Investing in Ranhill Utilities Berhad (KLSE:RANHILL) three years ago would have delivered
November 2, 2025
Generally speaking, investors are inspired to be stock pickers by the potential to find the big winners. Not every pick can be a winner, but when you pick the right stock, you can win big. One such superstar is Ranhill Utilities Berhad (KLSE:RANHILL), which saw its share price soar 391% in three years. On top of that, the share price is up 36% in about a quarter. The company reported its financial results recently; you can catch up on the latest numbers by reading our company report.
So let’s assess the underlying fundamentals over the last 3 years and see if they’ve moved in lock-step with shareholder returns.
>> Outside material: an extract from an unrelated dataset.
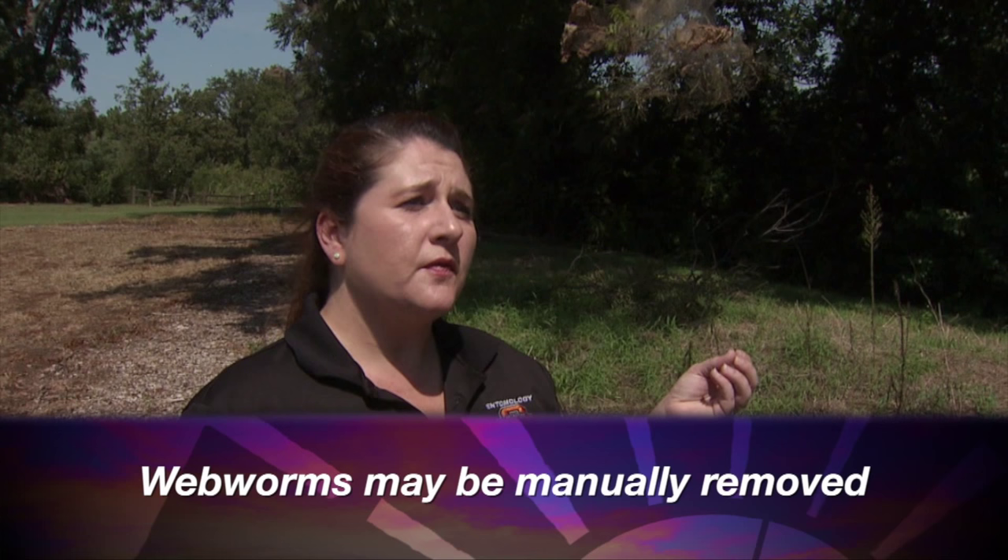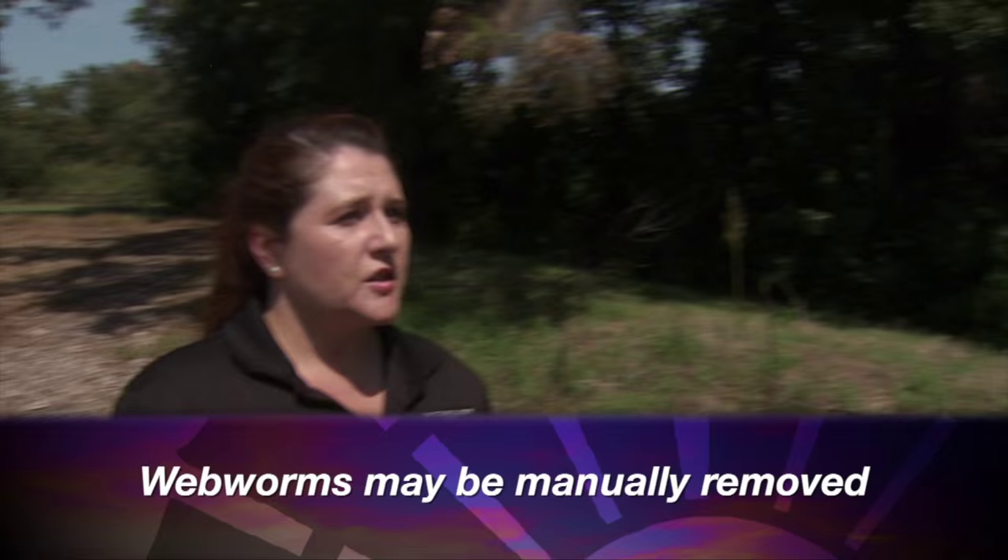What if it's a younger tree — are they more susceptible? Yes, younger trees are much more susceptible and I would recommend removing any webworms from trees that are less than five years of age. Is removal pretty simple? It is — you just take a branch and run your hand along it to remove the webworm, or you can prune out those limbs in the younger trees.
To quote Buffett, ‘Ships will sail around the world but the Flat Earth Society will flourish. There will continue to be wide discrepancies between price and value in the marketplace…’ One flawed but reasonable way to assess how sentiment around a company has changed is to compare the earnings per share (EPS) with the share price.
Ranhill Utilities Berhad was able to grow its EPS at 20% per year over three years, sending the share price higher. This EPS growth is lower than the 70% average annual increase in the share price. This suggests that, as the business progressed over the last few years, it gained the confidence of market participants. That’s not necessarily surprising considering the three-year track record of earnings growth. This favorable sentiment is reflected in its (fairly optimistic) P/E ratio of 47.27.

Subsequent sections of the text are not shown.